Он повторял, что ждет меня, и я снова прониклась уверенностью.
Первый том «Второго пола» был опубликован в июне; в мае в «Тан модерн» появилась глава о «сексуальном посвящении женщины», за которой в июне и июле последовали главы, где говорилось о «лесбиянстве» и о «материнстве». В ноябре у Галлимара вышел второй том.

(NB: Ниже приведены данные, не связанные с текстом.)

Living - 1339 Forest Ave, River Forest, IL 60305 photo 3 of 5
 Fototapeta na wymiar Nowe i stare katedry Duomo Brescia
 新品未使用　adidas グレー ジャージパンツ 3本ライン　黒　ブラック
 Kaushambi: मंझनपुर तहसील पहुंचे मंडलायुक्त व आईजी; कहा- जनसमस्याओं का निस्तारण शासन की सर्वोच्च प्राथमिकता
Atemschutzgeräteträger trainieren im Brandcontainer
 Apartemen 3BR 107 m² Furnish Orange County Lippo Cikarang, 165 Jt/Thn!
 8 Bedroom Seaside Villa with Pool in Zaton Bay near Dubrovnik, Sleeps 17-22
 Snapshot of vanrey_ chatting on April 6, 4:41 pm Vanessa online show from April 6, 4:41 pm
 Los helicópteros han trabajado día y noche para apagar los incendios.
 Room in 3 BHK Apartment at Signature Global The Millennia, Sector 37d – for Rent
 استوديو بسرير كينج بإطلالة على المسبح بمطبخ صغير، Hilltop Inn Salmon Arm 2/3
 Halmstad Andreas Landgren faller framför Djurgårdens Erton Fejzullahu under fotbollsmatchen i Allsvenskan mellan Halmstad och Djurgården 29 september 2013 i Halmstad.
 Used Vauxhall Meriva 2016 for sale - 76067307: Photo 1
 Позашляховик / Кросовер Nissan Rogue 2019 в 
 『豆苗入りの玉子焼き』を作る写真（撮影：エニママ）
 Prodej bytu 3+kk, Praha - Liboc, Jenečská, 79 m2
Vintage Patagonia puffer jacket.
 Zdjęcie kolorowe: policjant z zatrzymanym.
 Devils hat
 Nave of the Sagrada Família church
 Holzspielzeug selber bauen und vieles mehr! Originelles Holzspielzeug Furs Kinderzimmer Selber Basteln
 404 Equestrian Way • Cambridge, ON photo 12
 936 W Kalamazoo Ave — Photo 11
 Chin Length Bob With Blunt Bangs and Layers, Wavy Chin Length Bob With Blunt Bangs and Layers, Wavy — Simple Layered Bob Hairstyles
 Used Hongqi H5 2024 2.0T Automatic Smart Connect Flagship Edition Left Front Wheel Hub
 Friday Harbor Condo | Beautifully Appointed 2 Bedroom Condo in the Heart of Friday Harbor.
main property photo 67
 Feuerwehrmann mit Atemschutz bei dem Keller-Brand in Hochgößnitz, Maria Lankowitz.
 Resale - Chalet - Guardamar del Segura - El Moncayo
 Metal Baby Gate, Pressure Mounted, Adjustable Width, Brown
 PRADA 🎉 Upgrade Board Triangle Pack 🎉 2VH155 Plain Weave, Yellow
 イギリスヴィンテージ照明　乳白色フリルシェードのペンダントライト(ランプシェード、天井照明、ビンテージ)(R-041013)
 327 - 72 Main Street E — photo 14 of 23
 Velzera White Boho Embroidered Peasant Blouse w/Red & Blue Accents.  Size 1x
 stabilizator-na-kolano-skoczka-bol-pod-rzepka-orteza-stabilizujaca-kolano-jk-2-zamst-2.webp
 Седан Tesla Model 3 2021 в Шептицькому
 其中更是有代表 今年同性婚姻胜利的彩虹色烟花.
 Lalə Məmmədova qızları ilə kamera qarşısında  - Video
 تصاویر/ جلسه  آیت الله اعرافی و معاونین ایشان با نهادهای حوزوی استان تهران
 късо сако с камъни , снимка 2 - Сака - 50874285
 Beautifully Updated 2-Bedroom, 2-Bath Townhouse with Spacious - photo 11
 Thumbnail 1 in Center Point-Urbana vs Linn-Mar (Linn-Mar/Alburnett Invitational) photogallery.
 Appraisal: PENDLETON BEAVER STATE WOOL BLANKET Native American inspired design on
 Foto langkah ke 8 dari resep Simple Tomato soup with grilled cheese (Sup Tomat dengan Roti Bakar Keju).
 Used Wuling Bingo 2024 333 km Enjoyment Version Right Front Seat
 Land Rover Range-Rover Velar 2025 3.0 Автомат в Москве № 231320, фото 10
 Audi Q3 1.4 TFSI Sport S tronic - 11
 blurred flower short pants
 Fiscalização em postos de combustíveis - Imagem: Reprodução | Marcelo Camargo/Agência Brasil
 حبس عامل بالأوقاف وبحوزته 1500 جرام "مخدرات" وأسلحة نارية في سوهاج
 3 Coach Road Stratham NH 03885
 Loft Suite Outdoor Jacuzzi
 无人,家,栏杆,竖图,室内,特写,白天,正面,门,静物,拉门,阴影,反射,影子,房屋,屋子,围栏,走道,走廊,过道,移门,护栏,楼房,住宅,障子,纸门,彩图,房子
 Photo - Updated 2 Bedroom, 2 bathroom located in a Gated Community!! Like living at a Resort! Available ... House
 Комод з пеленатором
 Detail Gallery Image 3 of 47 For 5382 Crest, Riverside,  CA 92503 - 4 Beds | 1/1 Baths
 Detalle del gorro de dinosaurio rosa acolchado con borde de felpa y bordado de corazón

Я уже говорила, как зачиналась эта книга: почти случайно. Решив рассказать о себе, я поняла, что мне следует описать положение женщины. Сначала я рассматривала мифы, созданные мужчинами, на основании космологии, религий, суеверий, идеологий, литератур. Я пыталась упорядочить открывшуюся мне картину, на первый взгляд противоречивую; в любом случае мужчина представлял себя Субъектом, а женщину рассматривал как объект, как Другого. Такое притязание объяснялось, разумеется, историческими обстоятельствами, и Сартр сказал мне, что я должна указать также на психологические мотивы этого явления. Мы долго все обсуждали, я колебалась, ибо не собиралась писать столь объемную работу. Однако мое исследование мифов действительно повисало в воздухе, если не раскрыть, какую реальность они прикрывали. Поэтому я погрузилась в книги по истории и психологии. Компиляцией я не ограничивалась, ибо сами ученые, причем и того и другого пола, оказались пропитаны мужскими предрассудками, за их толкованиями я пыталась отыскать точные факты. В историческом плане я выделила несколько мыслей, которых не встречала нигде: историю женщины я связала с историей наследства, то есть она представилась мне откликом на экономическое развитие мужского мира.
Я стала по-новому смотреть на женщину, и моему удивлению не было предела. До чего же странно и увлекательно в сорок лет открыть вдруг определенный аспект мира, который буквально бросается в глаза, хотя никто его почему-то не замечает. Одно из недоразумений, которое породила моя книга, заключалось в том, что все поверили, будто я отрицаю всякое различие между мужчиной и женщиной; напротив, я определила, что именно их разделяет, только я утверждала, что это несходство культурного порядка, а не естественного. Я попыталась последовательно рассказать, каким образом оно создается от самого детства до старости. Я рассматривала возможности, которые этот мир предлагает женщинам, и те, в которых он им отказывает, навязанные им ограничения, их удачи и неудачи, их уход в сторону и самореализацию. Так я выстроила второй том: «Прожитый опыт».